Task objective →
Once the line containing "Vector illustration of" is located in the records below, repeat it and all lines that follow it exactly, leaving out any picture.

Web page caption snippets
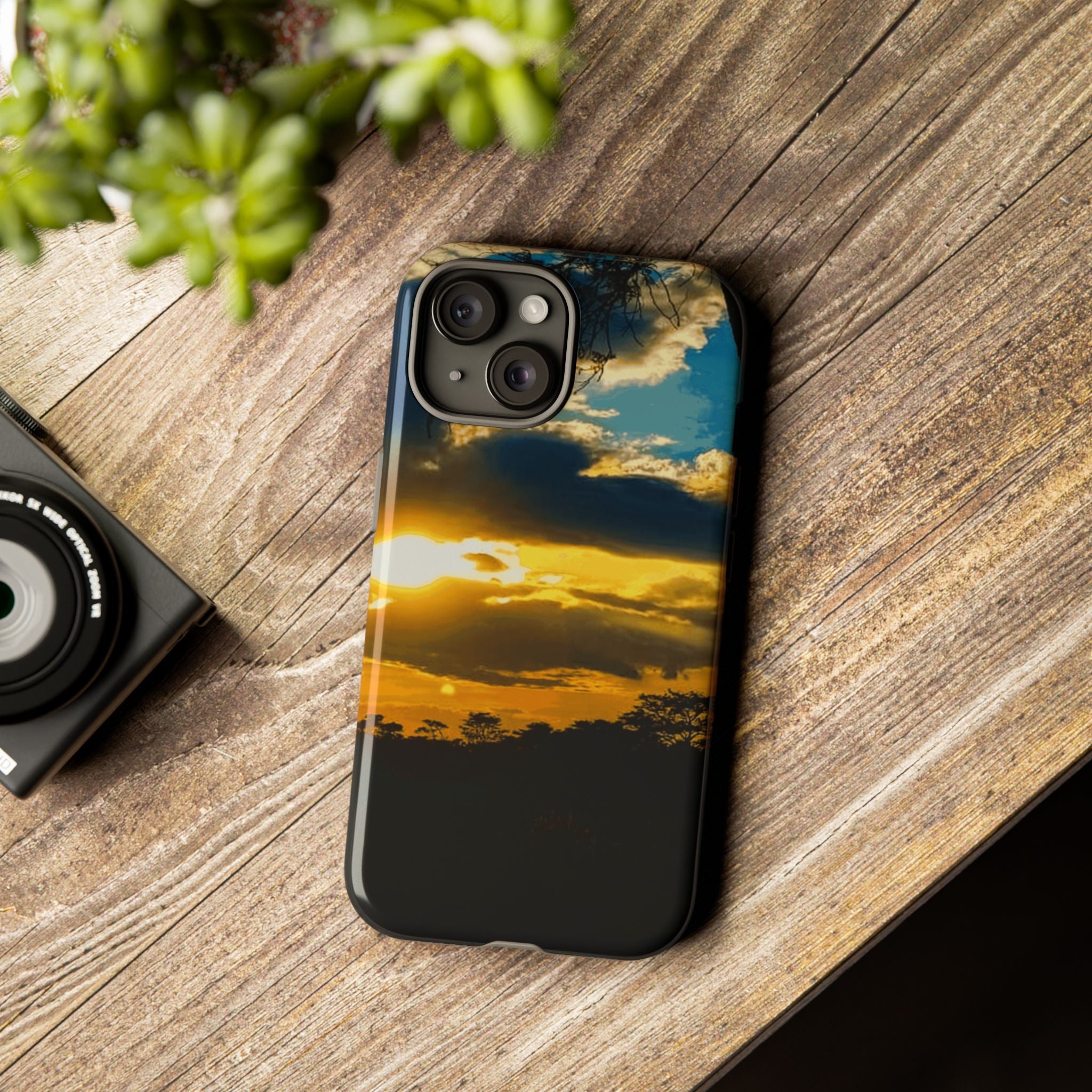 Sunset Sky Tough Phone Case – Durable Protective Phone Cover with Golden Clouds Design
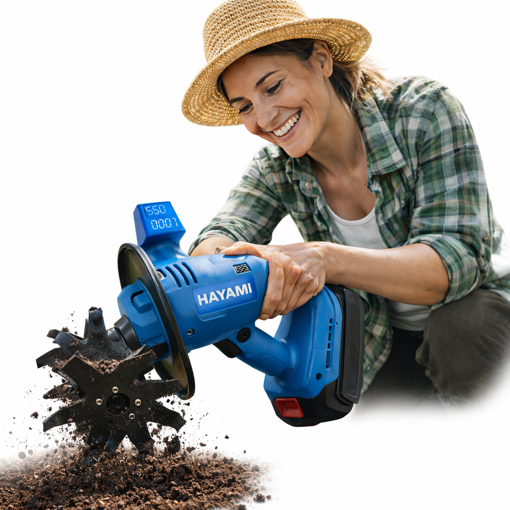 Obrázek z Ruční AKU kultivátor / okopávačka na pletí a kypření HAYAMI s digitálním displejem + 2 baterie + příslušenství 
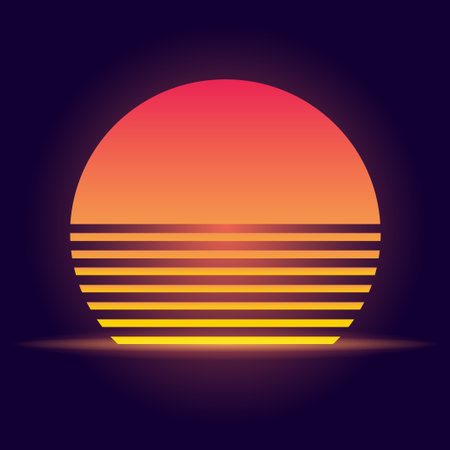 Vector illustration of retro sun in 80s style. Futuristic background with sunset. Trendy design for sci-fi, cyber abstract poster, print.のイラスト素材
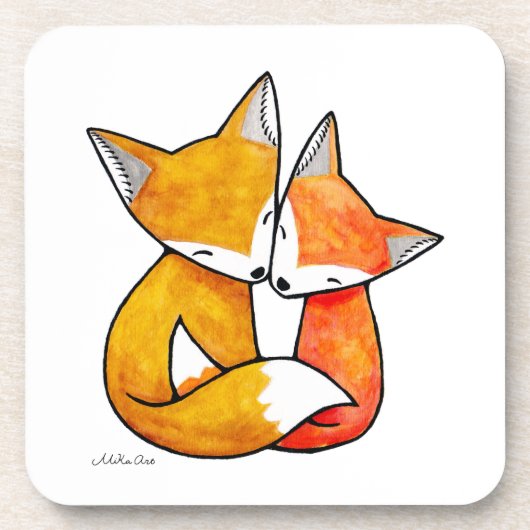 Fuchs-Paar Kuschelt Original-Aquarell-Kunst Getränkeuntersetzer (Vorderseite)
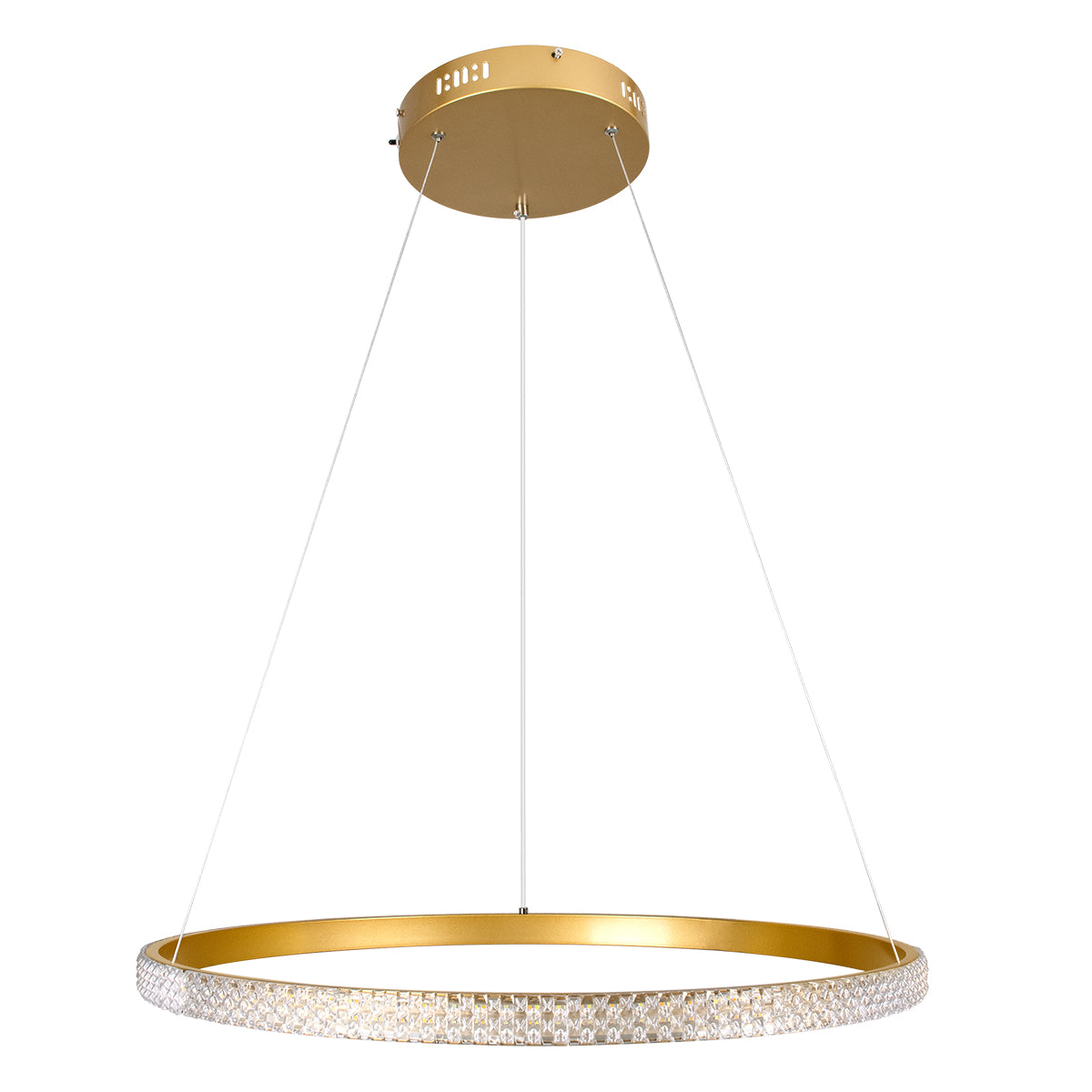 GLOBOSTAR® DIAMOND 61131 Μοντέρνο Κρεμαστό Φωτιστικό Οροφής LED 45W 5230lm 360° AC 220-240V IP20 Ρυθμιζόμενο Λευκό CCT με Χειριστήριο από 2700K έως 6000K Dimmable - Lumileds SMD Chip - Χρυσό Βούρτσας - Μ60 x Π60 x Υ3cm - 3 Χρόνια Εγγύηση - ledmania.gr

Task answer →
 Vector illustration of retro sun in 80s style. Futuristic background with sunset. Trendy design for sci-fi, cyber abstract poster, print.のイラスト素材
 Fuchs-Paar Kuschelt Original-Aquarell-Kunst Getränkeuntersetzer (Vorderseite)
 GLOBOSTAR® DIAMOND 61131 Μοντέρνο Κρεμαστό Φωτιστικό Οροφής LED 45W 5230lm 360° AC 220-240V IP20 Ρυθμιζόμενο Λευκό CCT με Χειριστήριο από 2700K έως 6000K Dimmable - Lumileds SMD Chip - Χρυσό Βούρτσας - Μ60 x Π60 x Υ3cm - 3 Χρόνια Εγγύηση - ledmania.gr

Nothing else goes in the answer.